Cette histoire, qui n'est pas sans rappeler l'abdication du roi Edouard VIII (à qui on avait refusé l'union avec Wallis Simpson, une américaine, deux fois divorcée, de surcroit), se termine tragiquement: au cours d'une promenade à cheval en forêt, Friedrich tombe et meurt des suites de ses blessures. Inconsolable, la veuve ne veux plus voir personne et vit cloitrée à Venise, jusqu'au jour où elle apprends qu'on l'accuse d'avoir hâté la mort de son époux, mort en quelques heures alors qu'il semblait se remettre de ses blessures. Ne pouvant plus supporter la suspicion, elle attaque en diffamation la responsable de ces allégations et le roman commence pour de bon.
Vous vous doutez bien que la mort du prince Friedrich va vite s'avérer plus mystérieuse qu'il n'y paraît: les médecins attribuent sa mort à une hémorragie interne mais elle fut un peu rapide pour une hémorragie interne, en outre, bien des gens avaient des raisons de le tuer.
A cette époque, la Prusse tente de fédérer tous les royaumes allemands et le Felsbourg est partagé entre partisans de l'indépendance et partisans de l'union. S'unir à la Prusse signifierait la fin de leur identité mais se battre pour l'indépendance signifierait mener une guerre qu'ils seraient sûrs de perdre avec son cortège de sueur, de larmes et de sang. Partisan de l'indépendance, Friedrich avait été contacté par sa famille pour qu'il revienne, lui, évidemment, ne voulant revenir qu'à la condition d'emmener Gisela avec lui. A l'inverse, son frère, héritier du trône, est partisan de l'union et aurait tout intérêt à commanditer son assassinat, et il en est de même pour tous les autres partisans de l'union au Felsbourg.

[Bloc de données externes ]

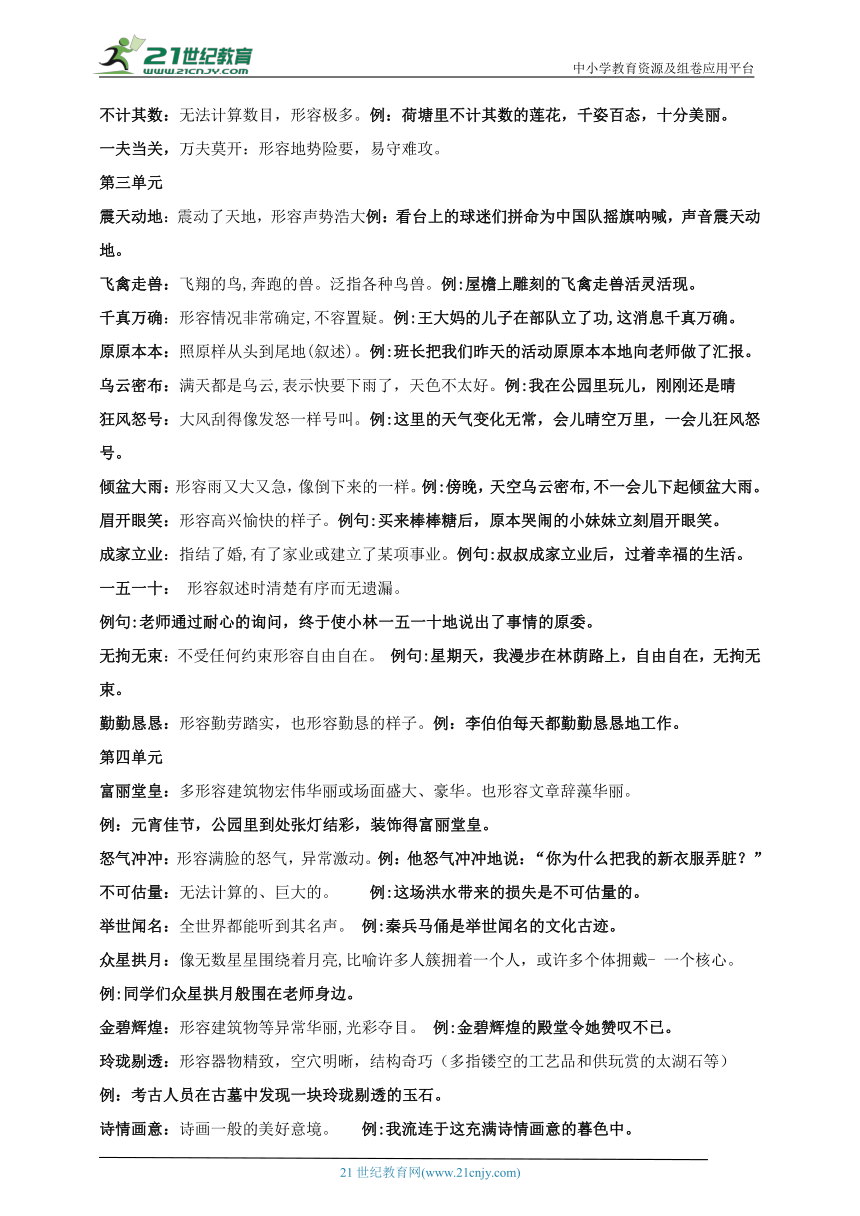 澳门最精准资料免费提供,讲解词语解释释义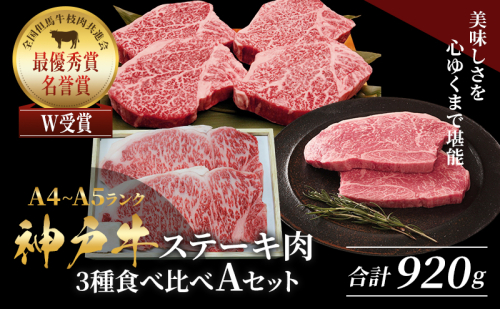 神戸牛 ステーキ 3種 食べ比べ A セット 920g サーロイン ヒレ モモ 詰め合わせ 食べ比べセット 神戸牛ステーキ サーロインステーキ ヒレステーキ モモステーキ 神戸ビーフ 和牛 ブランド牛 牛肉 肉 キャンプ ステーキ肉 赤身 109311 - 兵庫県加西市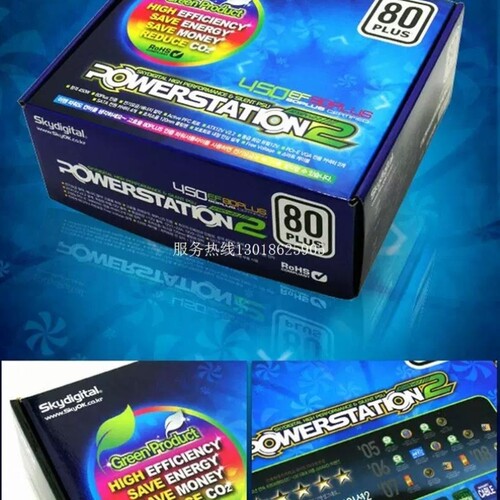 议价Poweration2 PS2-450EF 80PLUS 工业级 ATX 450W 台式机 电源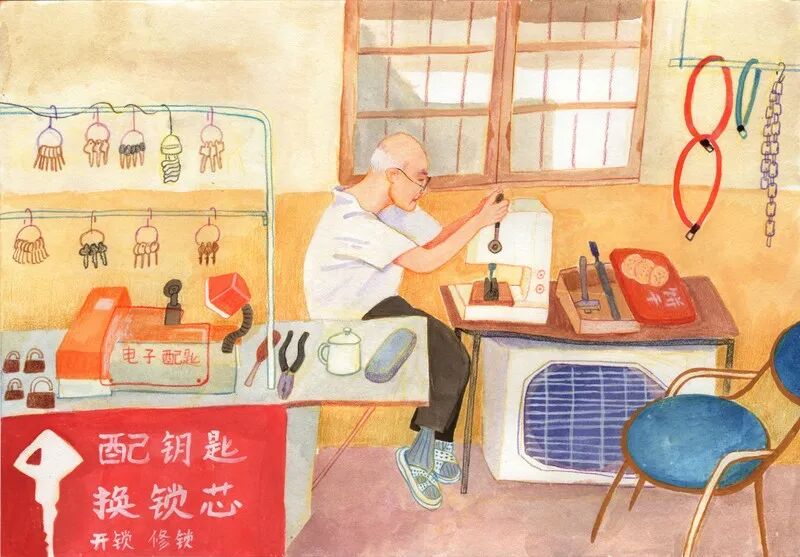 2026中国美术家协会首届现代插画艺术大展获奖作品(第一部分) · 作品图120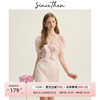 sincethen法式小香风套装裙粉色，裙子两件套衣裙女夏季穿搭一整套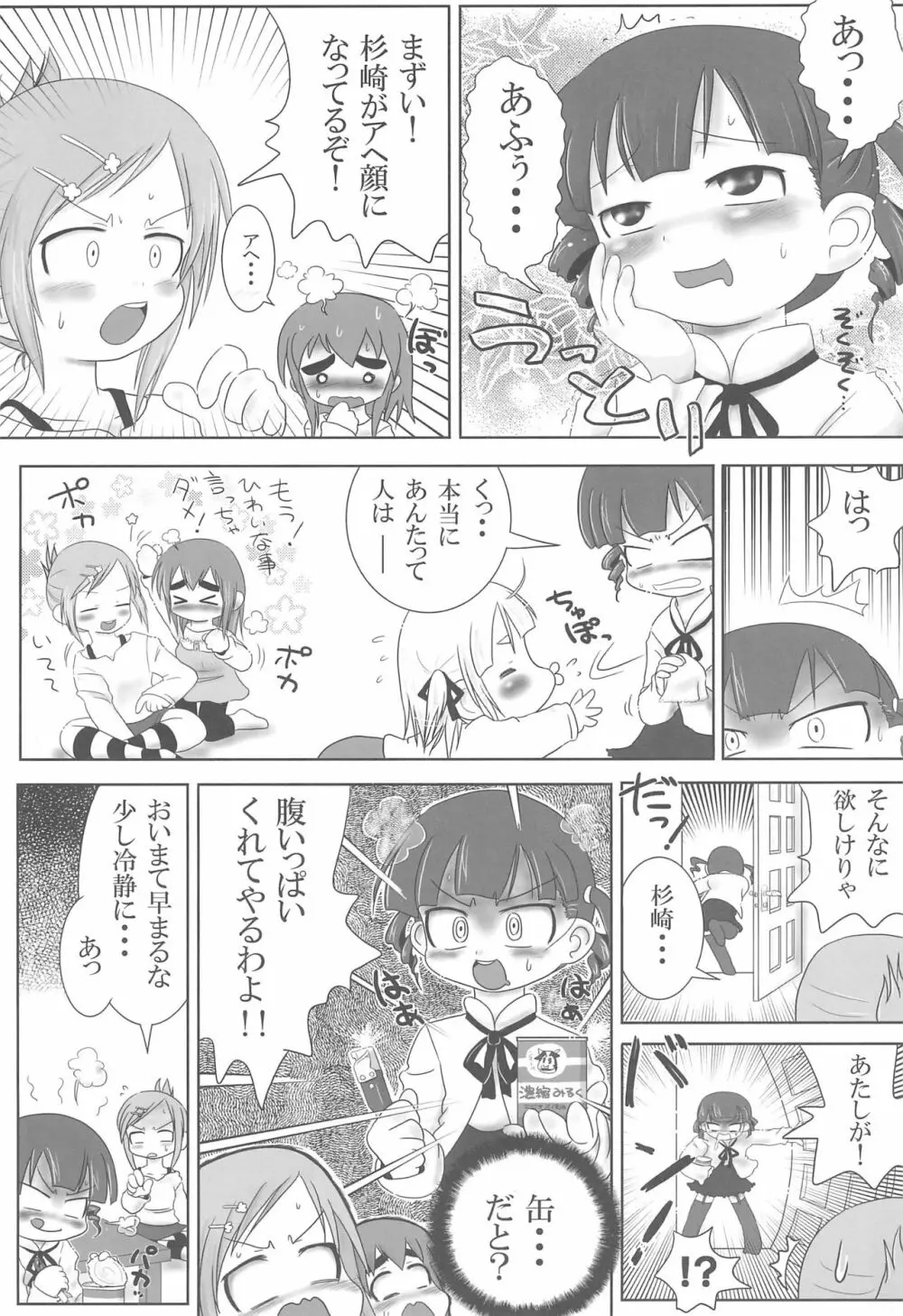 みつどもえもーしょん! Page.23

Une autre hypothèse voudrait que le prince Friedrich soit mort après une tentative de meurtre visant Gisela: dans la mesure où la famille royale du Felsbourg ne voulait pas de Gisela, l'éliminer aurait réglé la question de la voir venir dans les bagages du prince.
En gros: il n'y avait pas un proche du prince Friedrich qui n'aurait pu être responsable de sa mort, y compris la comtesse Rostova, la seule personne n'ayant pas de mobile étant Gisela. Autant vous dire qu'Oliver Rathbone (quel autre avocat aurait pu se charger d'une telle affaire?) a du pain sur la planche et se lance à corps perdu dans l'affaire, animé par cette même impulsion qui pousse quelqu'un qui fonce dans un mur à laisser son pied sur l'accélérateur.
Et William Monk me direz-vous? Et bien il enquête, voyage en Europe et semble passer plus de temps à faire des courbettes qu'à trouver des indices: la version officielle des choses semble arranger bien du monde et personne ne tient à ce que l'on égratigne l'image de la « princesse » Gisela.
Le véritable enjeu est là: comment découvrir la vérité tout en sachant que les gens idolâtrent Gisela et refusent ne serait-ce que d'envisager que cette dernière ait pu vouloir du mal à son mari?
L'intrigue de « Scandale et calomnie » est assez complexe mais est de meilleure qualité que celle de « La Marque de Cain » dont le dénouement était prévisible dès le milieu du livre, ce qui n'est pas le cas ici: les cinq dernières minutes sont cruciales, et nous prouvent, une fois de plus, qu'il y a toujours un grain de sable pour gripper l'engrenage du plus parfait des crimes.